[Gluster-devel] NetBSD's read-subvol-entry.t spurious failures explained

Fri Mar 6 11:01:31 UTC 2015

Hi

I tracked down the spurious failures of read-subvol-entry.t on NetBSD.

Here is what should happen: we have a volume with brick0 and brick1.
We disable self-heal, kill brick0, create a file in a directory, 
restart brick0, and we list directory content to check we find the file.

The tested mechanism is that in brick1, trusted.afr.patchy-client-0
accuse brick0 of being outdated, hence AFR should rule out brick0 
for listing directory content, and it should use brick1 which contains
the file we look for.

On NetBSD I can see that AFR never gets trusted.afr.patchy-client-0
and walways things brick0 is fine. AFR randomly picks brick0 or brick1
to list directory content, and when it picks brick0 the test fails.

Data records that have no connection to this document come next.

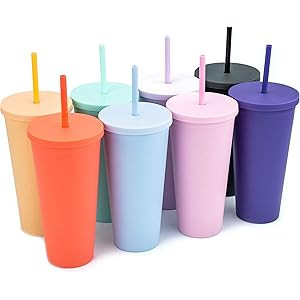 Tumblers with Lids (8 pack) 22oz Pastel Colored Acrylic Cups with Lids and Straws | Double Wall M... | Amazon (US)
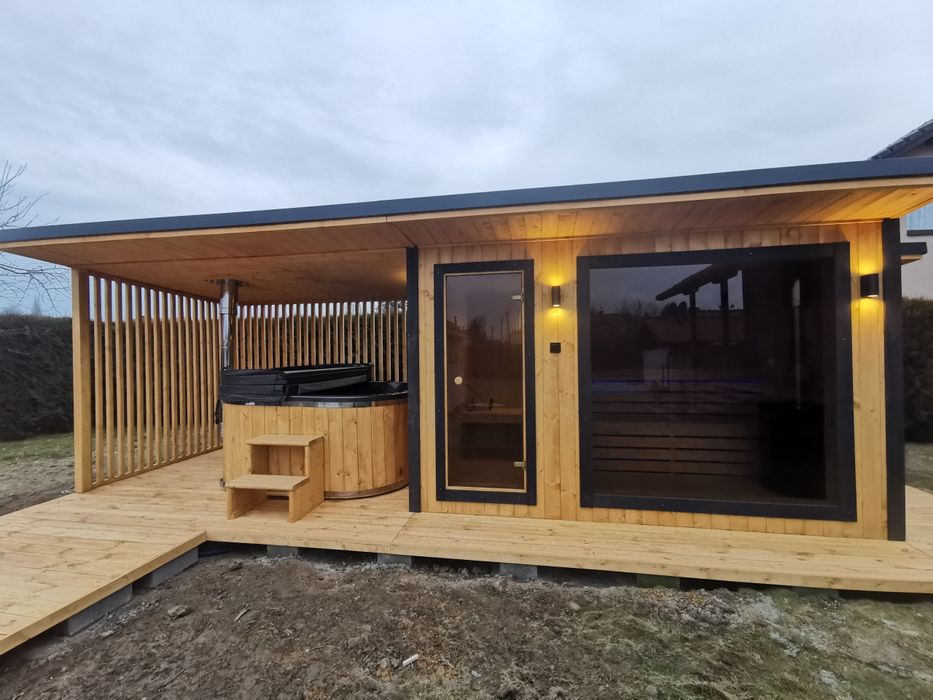 Sauna Ogrodowa 8x2,2m Taras Wiata Piec Sterownik Prysznic Hit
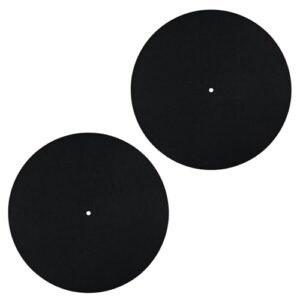2 peças de tapete para toca-discos, 30,5 cm antiderrapante e antiestático, tapete giratório de lã, toca-discos, tapete protetor para toca-discos domésticos (preto) (Equipamentos)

The reason why trusted.afr.patchy-client-0 is not there is that the
node is cached in kernel FUSE from an earlier lookup. The TTL obtained
at that times tells the kernel this node is still valid, hence the
kernel does not send the new lookup to GlusterFS. Since GlusterFS uses
lookups to referesh client view of xattr, it sticks with older value
where brick0 was not yet oudated, and trusted.afr.patchy-client-0 is 
unset.

Questions:

1) Is NetBSD behavior wrong here? It got a TTL for a node, I understand
it should not send lookups to the filesystem until the TTL is expired.

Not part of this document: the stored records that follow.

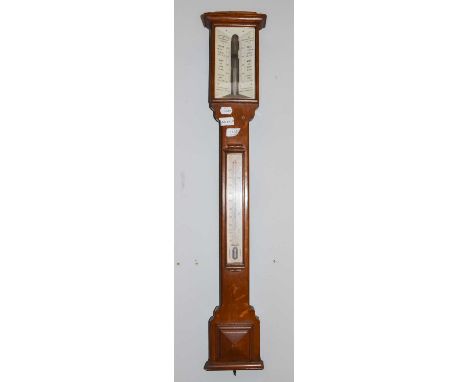 A Victorian oak stick barometer, circa 1870, the glazed ivory scale inscribed M. Pillischer, 88 New Bond Street, London, with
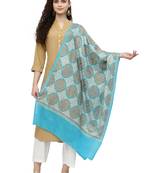 Crewel Dark Turquoise Geometric Embroidered Wool Shawl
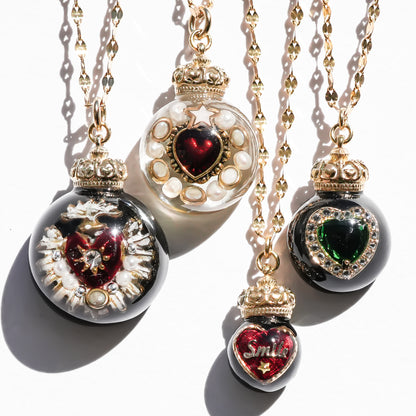 Miniature Ornament Necklace / Heart / Clear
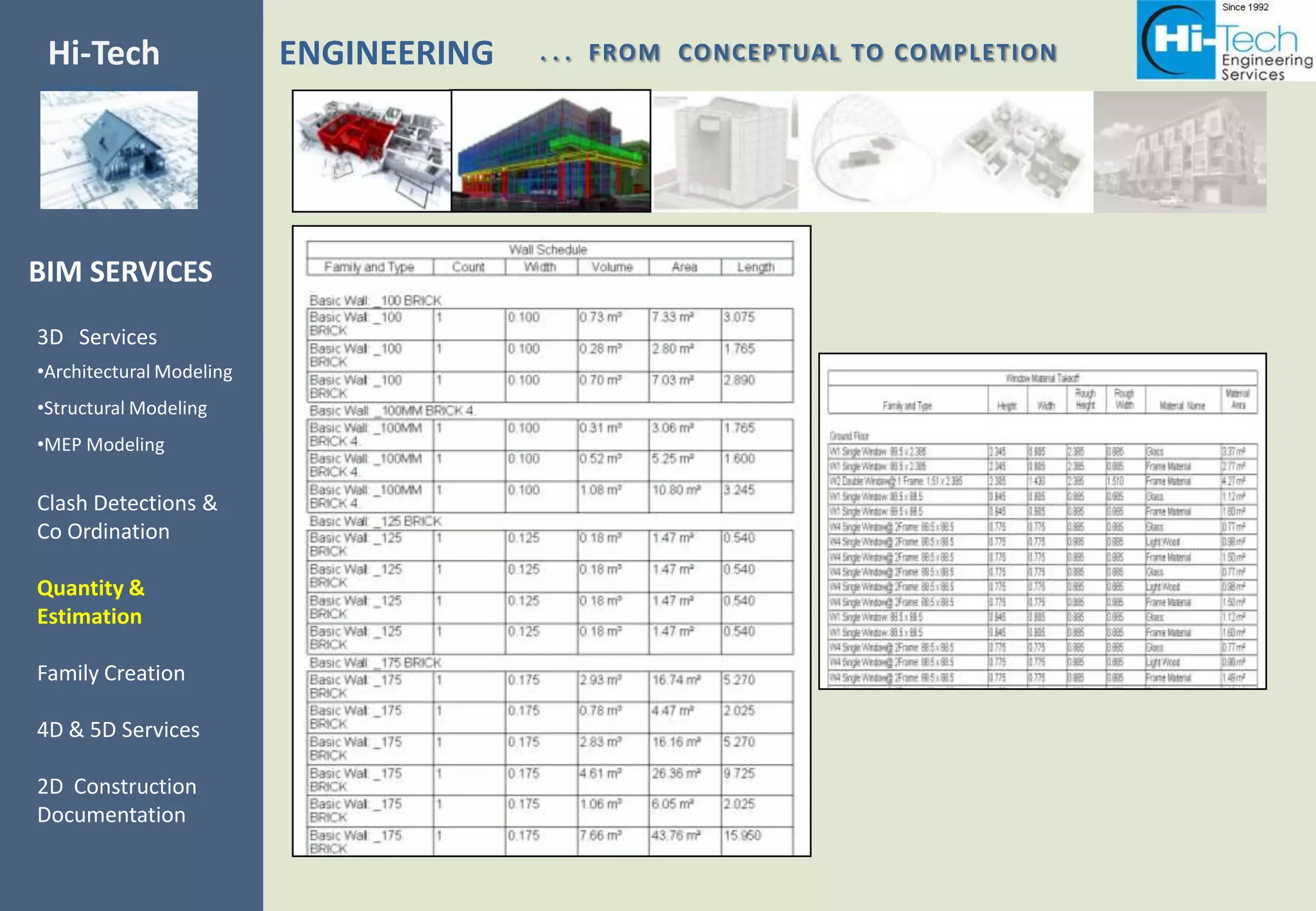 Hi-Tech                   ENGINEERING   . . . FROM CONCEPTUAL TO COMPLETION
SERVICES



BIM SERVICES
3D Services
•Architectural Modeling
•Structural Modeling
•MEP Modeling

Clash Detections &
Co Ordination

Quantity &
Estimation

Family Creation

4D & 5D Services

2D Construction
Documentation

2) How to fix it? If NetBSD behavior is correct, then I guess the test
only succeeds on Linux by chance and we only need to fix the test.
The change below flush kernel cache before looking for the file:

--- a/tests/basic/afr/read-subvol-entry.t
+++ b/tests/basic/afr/read-subvol-entry.t
@@ -26,6 +26,7 @@ TEST kill_brick $V0 $H0 $B0/brick0
 
 TEST touch $M0/abc/def/ghi
 TEST $CLI volume start $V0 force
+( cd $M0 && umount $M0 ) 
 EXPECT_WITHIN $PROCESS_UP_TIMEOUT "ghi" echo `ls $M0/abc/def/`
 
 #Cleanup



-- 
Emmanuel Dreyfus
manu at netbsd.org